Sure, the organizers will gather the bones and drive the casket down the calendar to June 2020. A summer setting in the energized D promises a sun and fun renaissance for everything automobilia. The show’s internal combustion heart should recover just fine.

Will it? How relevant is a car show today? As kids we went to the show with our parents. So cool to sit in a Corvette or Porsche. So different from Mom’s Oldsmobile or Dad’s Monza. Does anyone remember the Monza? The NAIAS could end up with the same rusty fate. “We’re going electric.” “Autonomous is the fashion.” “Driving is so twentieth century.” “VR is our future. Experience the world, no, the universe, without leaving the bedroom.”

Wait! Hold those electric motors, robotic chauffeurs, and uncomfortable goggles for a moment. All the hype may be true, but perhaps the show will never die. Why can’t it survive in an altered reality? An event where one can go to experience style, the latest people pod designs, modular seating concepts, and entertainment gizmos. A place showcasing performance, in the form of distance traveled versus dollars spent, and flashed on giant tablet displays. A one stop venue for studying prices and deciding which ride share is worth a cut of some Google or Apple employee’s pay.

Ok, we get it. The show will change and is liable to shrink. Those vacant square feet will grow, replaced by summer grass instead of indoor carpet. But the Auto show will remain. It’ll be different, but it’ll conquer computing and stay-at-home VR, because people enjoy real events. People enjoy interacting with each other. They take satisfaction in comparing this against that. And people love to buy things and brag to their friends.

We could drop the word Auto and just call it “The Show.” Does anyone know when tickets go on sale? I plan to buy the first one and not wear black.

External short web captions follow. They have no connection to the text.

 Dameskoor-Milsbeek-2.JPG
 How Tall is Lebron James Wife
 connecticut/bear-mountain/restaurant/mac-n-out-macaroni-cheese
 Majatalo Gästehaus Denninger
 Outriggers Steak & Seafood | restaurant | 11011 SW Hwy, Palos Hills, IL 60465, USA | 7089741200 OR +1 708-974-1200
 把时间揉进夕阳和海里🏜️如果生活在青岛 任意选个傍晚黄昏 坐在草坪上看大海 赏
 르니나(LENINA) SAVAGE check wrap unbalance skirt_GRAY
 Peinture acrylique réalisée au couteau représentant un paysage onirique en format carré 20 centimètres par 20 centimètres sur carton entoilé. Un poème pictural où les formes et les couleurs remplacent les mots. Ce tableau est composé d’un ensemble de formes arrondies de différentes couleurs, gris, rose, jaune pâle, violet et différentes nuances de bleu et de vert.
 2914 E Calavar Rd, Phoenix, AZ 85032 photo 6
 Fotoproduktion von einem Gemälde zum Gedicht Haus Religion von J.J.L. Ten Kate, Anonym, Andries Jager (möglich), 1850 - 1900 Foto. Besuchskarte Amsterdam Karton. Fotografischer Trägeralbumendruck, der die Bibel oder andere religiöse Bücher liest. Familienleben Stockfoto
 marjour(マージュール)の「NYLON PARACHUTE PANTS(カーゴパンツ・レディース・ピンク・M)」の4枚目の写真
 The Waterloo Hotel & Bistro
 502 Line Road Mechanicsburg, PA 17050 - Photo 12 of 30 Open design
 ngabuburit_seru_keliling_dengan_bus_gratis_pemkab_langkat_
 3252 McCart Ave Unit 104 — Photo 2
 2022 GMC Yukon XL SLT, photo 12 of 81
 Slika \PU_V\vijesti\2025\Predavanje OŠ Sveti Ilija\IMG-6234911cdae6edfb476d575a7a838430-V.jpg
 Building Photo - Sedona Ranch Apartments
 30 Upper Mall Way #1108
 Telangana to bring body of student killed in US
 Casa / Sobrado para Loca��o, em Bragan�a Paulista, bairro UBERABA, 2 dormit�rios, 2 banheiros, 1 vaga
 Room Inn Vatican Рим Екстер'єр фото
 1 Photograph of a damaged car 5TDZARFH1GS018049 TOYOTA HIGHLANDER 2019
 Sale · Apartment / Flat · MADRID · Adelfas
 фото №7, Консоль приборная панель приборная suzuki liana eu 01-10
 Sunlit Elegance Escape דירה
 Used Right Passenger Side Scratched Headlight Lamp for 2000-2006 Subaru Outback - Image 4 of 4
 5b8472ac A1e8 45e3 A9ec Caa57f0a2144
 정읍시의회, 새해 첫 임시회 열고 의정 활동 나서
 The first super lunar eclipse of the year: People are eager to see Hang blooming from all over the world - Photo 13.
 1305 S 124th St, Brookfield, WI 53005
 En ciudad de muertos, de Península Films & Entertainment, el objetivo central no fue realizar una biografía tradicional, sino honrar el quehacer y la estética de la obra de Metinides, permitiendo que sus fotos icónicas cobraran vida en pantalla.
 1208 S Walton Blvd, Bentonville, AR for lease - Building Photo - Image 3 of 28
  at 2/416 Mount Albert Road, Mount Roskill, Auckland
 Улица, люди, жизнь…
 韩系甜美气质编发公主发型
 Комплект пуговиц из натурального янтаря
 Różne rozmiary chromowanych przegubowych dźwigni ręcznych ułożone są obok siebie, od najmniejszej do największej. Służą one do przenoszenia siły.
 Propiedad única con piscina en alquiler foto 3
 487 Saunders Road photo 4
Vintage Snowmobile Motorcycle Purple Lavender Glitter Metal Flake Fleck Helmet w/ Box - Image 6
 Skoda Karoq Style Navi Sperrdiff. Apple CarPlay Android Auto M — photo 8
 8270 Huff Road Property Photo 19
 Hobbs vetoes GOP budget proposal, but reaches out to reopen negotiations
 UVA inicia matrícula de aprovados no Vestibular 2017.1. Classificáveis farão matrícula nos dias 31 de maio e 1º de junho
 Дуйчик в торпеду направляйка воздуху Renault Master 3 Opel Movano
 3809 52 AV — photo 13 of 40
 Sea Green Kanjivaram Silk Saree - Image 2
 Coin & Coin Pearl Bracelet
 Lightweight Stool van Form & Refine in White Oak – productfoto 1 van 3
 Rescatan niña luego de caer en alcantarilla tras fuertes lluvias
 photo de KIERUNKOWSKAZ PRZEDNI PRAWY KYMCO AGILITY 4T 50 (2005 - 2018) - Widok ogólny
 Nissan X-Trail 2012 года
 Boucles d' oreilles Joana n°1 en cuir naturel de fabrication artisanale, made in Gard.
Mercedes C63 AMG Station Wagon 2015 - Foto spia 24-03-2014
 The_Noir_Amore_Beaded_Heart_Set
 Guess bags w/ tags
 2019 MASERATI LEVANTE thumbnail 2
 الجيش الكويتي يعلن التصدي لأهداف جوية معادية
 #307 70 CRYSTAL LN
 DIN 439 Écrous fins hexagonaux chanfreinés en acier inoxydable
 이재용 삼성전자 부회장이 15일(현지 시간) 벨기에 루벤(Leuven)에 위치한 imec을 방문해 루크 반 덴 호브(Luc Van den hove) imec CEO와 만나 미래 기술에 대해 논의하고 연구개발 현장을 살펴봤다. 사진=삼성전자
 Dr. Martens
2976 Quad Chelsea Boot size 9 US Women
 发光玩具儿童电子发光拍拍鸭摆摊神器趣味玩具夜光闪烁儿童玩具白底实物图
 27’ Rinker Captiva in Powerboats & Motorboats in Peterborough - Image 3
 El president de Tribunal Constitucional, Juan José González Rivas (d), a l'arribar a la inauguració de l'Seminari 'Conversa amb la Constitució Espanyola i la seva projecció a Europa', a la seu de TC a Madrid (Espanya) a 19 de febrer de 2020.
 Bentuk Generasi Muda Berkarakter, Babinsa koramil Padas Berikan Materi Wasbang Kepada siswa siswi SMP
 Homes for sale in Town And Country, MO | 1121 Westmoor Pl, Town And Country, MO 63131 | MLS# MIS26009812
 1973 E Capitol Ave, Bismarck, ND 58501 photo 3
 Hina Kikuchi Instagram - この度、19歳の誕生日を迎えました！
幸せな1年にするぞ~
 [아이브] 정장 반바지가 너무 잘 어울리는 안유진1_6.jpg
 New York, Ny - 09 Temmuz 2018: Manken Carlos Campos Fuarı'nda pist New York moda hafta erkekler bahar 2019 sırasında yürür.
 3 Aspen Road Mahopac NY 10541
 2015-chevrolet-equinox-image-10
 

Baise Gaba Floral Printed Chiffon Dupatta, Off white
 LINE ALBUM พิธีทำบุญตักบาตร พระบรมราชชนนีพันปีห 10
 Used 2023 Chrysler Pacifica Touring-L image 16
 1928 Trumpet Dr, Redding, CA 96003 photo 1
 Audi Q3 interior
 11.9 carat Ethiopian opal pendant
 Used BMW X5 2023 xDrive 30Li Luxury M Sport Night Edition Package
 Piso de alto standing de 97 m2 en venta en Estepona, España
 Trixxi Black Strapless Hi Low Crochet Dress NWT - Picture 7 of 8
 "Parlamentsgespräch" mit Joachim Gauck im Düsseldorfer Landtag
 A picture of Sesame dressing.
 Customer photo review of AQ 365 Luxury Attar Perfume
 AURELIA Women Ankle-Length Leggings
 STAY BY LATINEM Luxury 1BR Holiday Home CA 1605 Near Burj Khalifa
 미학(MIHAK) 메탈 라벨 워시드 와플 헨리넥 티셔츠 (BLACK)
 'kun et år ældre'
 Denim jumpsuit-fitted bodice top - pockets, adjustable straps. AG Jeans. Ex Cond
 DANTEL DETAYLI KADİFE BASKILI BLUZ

NAIAS Observations – Merger Mania

Rumor has it, the company that put “America on Wheels” and the one which created the “People’s Car” will announce a major agreement next week. A Ford Beetle? A VW Ranger? How about a Golfstang? Don’t laugh just yet. The auto industry grew on mergers and acquisitions. Think way back to Ford purchasing Lincoln, or GM bringing in Cadillac and Oakland. For those of us who had to look it up, Oakland become Pontiac. In the mid-century the tradition continued as the independents struggled against the big and mighty three. Packard merged with Studebaker, a not so swell ending. But simultaneously, Nash merged with Hudson, formed AMC, added Jeep, and soldered through some good times and many bad. Sure, they’ve ended up a brand of FCA, but a mighty powerful one. Thinking about FCA, recalls the miserable DaimlerChrysler alliance, a miscue all around. Yet FCA continues forward, showing the Europeans and Americans can succeed together if the union is right.

Today’s market is rife with potential mergers and acquisitions. None with a bigger impact than the future of Tesla, a company with market value 30% greater than Ford and gaining on VW. But those actions are farther out. Let’s focus on next week’s announcement. How will Ford and VW work together to broker product and culture? Bang or bust? I’m betting on a bang, but with potential for backfires and broken parts scattered along the way. What do you think?